Hi there,
Thanks in advance for the help.
Transfer learning with several pre-trained torchvision models on an imagefolder dataset. When I run my evaluation loop, the accuracy runs below what you would expect from random chance the more the model trains. But if I throw a little hack in there and reverse the labels, the accuracy shoots up to a level comparable to the training accuracy. I printed out the dictionaries with the labels for my evaluation and training datasets, and the same numbers correspond to the same labels.
i.e. running this:
trainDataset = torchvision.datasets.ImageFolder(trainDataPath,
transform=torchvision.transforms.ToTensor())
trainLoader = DataLoader(trainDataset,batch_size=batchSize, shuffle=True)
numCategories = len(trainDataset.classes)
valDataset = torchvision.datasets.ImageFolder(valDataPath,
transform=torchvision.transforms.ToTensor())
valLoader = DataLoader(valDataset,batch_size=batchSize, shuffle=True)

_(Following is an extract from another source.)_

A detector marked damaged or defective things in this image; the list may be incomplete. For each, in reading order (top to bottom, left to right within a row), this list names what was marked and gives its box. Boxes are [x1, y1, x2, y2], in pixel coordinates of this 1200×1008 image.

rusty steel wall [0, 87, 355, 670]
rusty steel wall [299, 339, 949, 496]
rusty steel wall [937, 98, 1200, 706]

print(trainDataset.class_to_idx)
print(valDataset.class_to_idx)
returns identical dictionaries:
{‘LeftFractures’: 0, ‘LeftNon-Fractures’: 1, ‘RightFractures’: 2, ‘RightNon-Fractures’: 3}
{‘LeftFractures’: 0, ‘LeftNon-Fractures’: 1, ‘RightFractures’: 2, ‘RightNon-Fractures’: 3}
My evaluation loop runs as a separate function:
def evaluateModel(model, valLoader, lossFunction, sensitivityFunction, specificityFunction, cuda, numCategories, labelSmoothing=False):
print(valLoader.dataset.class_to_idx)
model = model.eval()
lossList = []
accuracyList = []
sensitivityList = []
specificityList = []
predictions = torch.LongTensor([]).cuda()

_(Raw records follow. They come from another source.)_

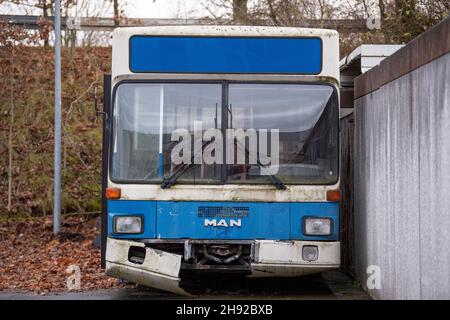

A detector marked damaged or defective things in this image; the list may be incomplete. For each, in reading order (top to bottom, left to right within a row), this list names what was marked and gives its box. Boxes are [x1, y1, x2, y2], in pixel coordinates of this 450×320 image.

damaged front bumper [104, 238, 338, 296]
abandoned bus [101, 25, 342, 296]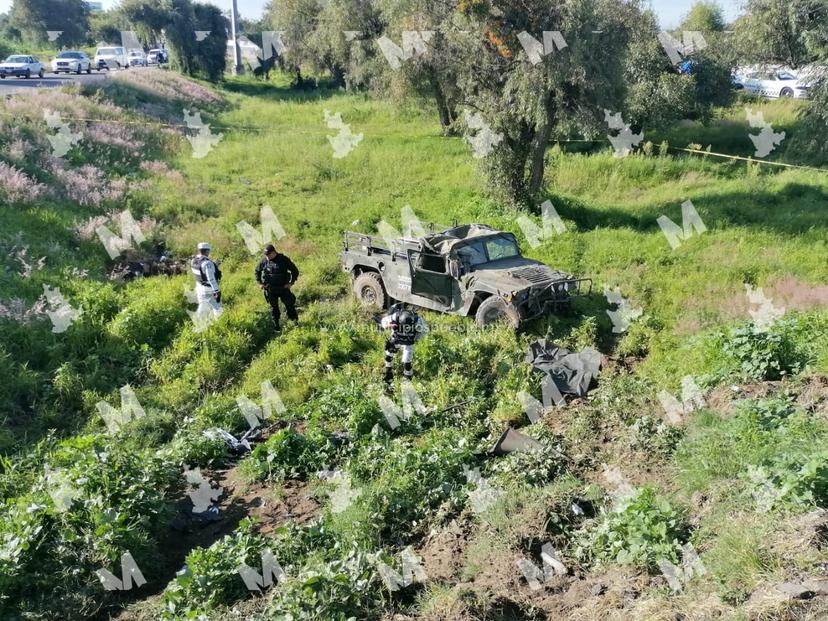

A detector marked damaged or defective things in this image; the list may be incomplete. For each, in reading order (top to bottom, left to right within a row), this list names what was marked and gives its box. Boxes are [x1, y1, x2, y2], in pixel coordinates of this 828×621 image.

overturned vehicle [340, 224, 592, 330]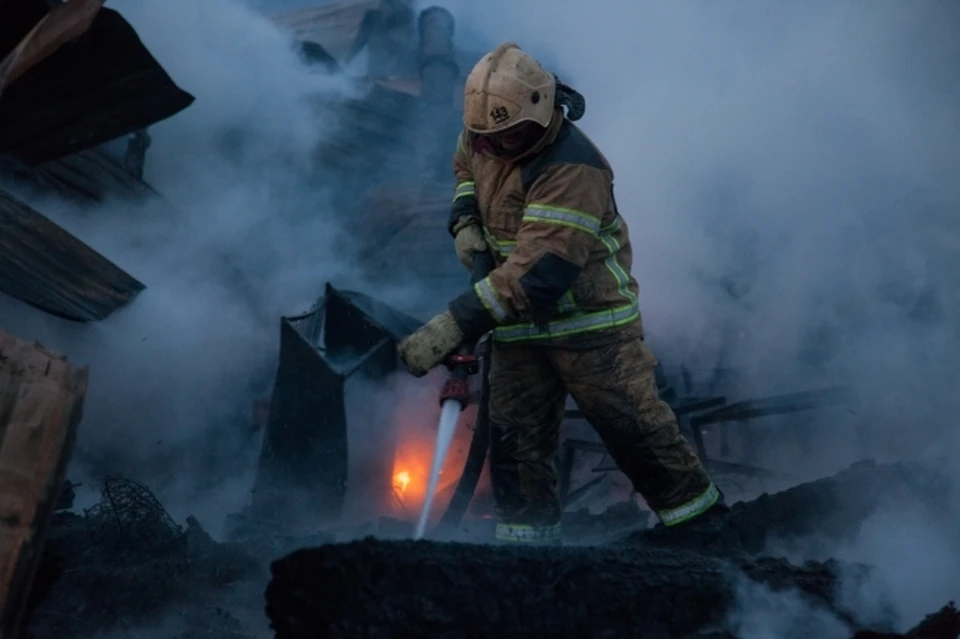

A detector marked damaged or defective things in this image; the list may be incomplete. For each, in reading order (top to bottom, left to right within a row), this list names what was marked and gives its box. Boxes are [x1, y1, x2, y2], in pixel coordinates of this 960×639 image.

burnt wooden plank [0, 189, 144, 320]
burnt wooden plank [0, 330, 88, 639]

ys = torch.LongTensor([]).cuda()
for batch, (x,y) in enumerate(valLoader):
#x = torch.randn_like(x) # FIXME: remove later
if cuda:
y = y.cuda()
x = x.cuda()
yHat = model(x)
predictedCategory = torch.argmax(yHat, dim=1)
predictedCategory = (predictedCategory * -1) + numCategories - 1 # **hack because the model's predictions seem to be reversed somehow**
predictions = torch.cat((predictions, predictedCategory), dim=0)
ys = torch.cat((ys, y), dim=0)
if labelSmoothing:
# note that if labelSmoothing = True and the loss is something like BCE, it will throw an error
smoothY = smoothLabel(y, numCategories, alpha = 0.2, cuda=cuda)
else:
smoothY = y
loss = lossFunction(yHat, smoothY)
lossList.append(loss.item())
model = model.train()
gc.collect()
sensitivities = sensitivityFunction(predictions, ys, numCategories)
specificities = specificityFunction(predictions, ys, numCategories)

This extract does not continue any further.